あらためて緊張感が増してくる。だってリカルド以外で爵位を持つ貴族との初めての外交の場ということになるわけだし、私たちの敵かも知れない相手とも言葉を交わすことになるんだから。
これで精神が全く動じないとしたら、その人はよっぽど肝が据わってる。
――ううん、私もそういう気持ちにならないといけない。事ここに至ったのなら開き直って堂々と。辺境伯夫人として恥ずかしくない所作で対応しなければ。気概を持ち、私は心の中でスイッチを切り替える。
一方、リカルドは眉を曇らせながら視線をカイン様とラグナ様らしき人たちの方へ向けつつ、ノエルくんに小声で話しかける。
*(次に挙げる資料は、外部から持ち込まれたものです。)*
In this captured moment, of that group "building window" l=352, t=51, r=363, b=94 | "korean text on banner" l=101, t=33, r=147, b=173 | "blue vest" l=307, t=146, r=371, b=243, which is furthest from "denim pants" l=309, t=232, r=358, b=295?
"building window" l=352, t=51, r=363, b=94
「ノエル、カイン殿は体調が優れないと聞いているが、ここまで出てきて大丈夫なのか? ほかの貴族が相手ならともかく、僕とカイン殿は旧知の仲だ。過度な気遣いは無用だぞ?」
「少し外に出るくらいなら問題ありません。それにこの場でお出迎えをしたいというのは、父の意思でもありますので」
「そうか、そういうことなら良いが。ただ、決して無理をさせるな。少しでも様子に変化があったら、すぐに対処を。僕たちに対して遠慮はいらん」
「はい! お気遣いいただき、ありがとうございます」
ノエルくんの気持ちを考えてということもあるだろうけど、リカルドにとってもカイン様は大切な人物なんだろうなぁというのが伝わってくる。
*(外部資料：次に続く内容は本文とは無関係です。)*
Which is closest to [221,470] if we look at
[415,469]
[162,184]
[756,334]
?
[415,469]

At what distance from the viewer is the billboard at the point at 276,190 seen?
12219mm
こうして私たちはゆっくりと歩を進め、待ち受けている人たちの前で立ち止まる。
そこではすかさずリカルドがカイン様らしき御方に手を差し出し、握手を交わしながら小さく会釈を送る。
「ご無沙汰しております、カイン殿」
「私の方こそご無沙汰をしておりました、リカルド殿。そしてお初にお目に掛かります、シャロン殿。私がヴァーランドの領主を務めているカインでございます」
「初めまして、カイン様。フィルザード辺境伯夫人、シャロンと申します」
私は柔らかな笑みを浮かべ、優雅な仕草で挨拶を返した。
その瞬間、カイン様や周りの兵士さんたちの間で小さな感嘆の声が上がり、私への注目が一層と高まる。私としては令嬢として問題ない所作だったと思うんだけど、今の反応は好意的なものだと捉えて良いのかな?
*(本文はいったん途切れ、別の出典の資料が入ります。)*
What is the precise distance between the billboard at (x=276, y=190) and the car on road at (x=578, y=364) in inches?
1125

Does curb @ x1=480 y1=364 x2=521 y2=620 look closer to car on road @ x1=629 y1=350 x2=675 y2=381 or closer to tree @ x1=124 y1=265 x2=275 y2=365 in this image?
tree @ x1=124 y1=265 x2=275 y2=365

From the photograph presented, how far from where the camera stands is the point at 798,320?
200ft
お化粧をしていたりドレスでも着たりしていれば、多少は粗も目立たずに済んで誤魔化しも利くんだろうけど、今は旅装束のままで肌も汗やホコリにまみれたままだからなぁ……。
そうした不安な気持ちを表に出さないように注意しつつ佇んでいると、リカルドが私の肩を軽く叩いてくる。
「カイン殿、僕たちは旅をしてきたままの姿ですが、それでも我が妻のシャロンは息を呑むほどの美人でしょう? やはり滲み出る真の美しさは隠しきれないですからな。はっはっは!」
「おっしゃる通りですな。ノエルから色々と話を聞いていましたが、お世辞抜きにシャロン殿はお美しい。いやはやリカルド殿が羨ましい。私もあと二十歳くらい若ければ、アプローチをしていたでしょうに」
「……いくらカイン殿といえど、それは許しませんぞ?」
「ふふふ、リカルド殿。もはや何人もリカルド殿とシャロン殿の間に割り込む余地はありません。見ていて分かります。リカルド殿に恥をかかせまいと頑張るシャロン殿とそれを察してフォローに入るリカルド殿。素晴らしいご夫婦です」
カイン様は柔和な表情でリカルドと私を見やった。この短い時間で私たちの心情を見事に見抜いていて、その観察眼と経験に基づく考察力に私は脱帽する。
年の功なんて言ったら失礼かもしれないけど、まさにそんな感じがする。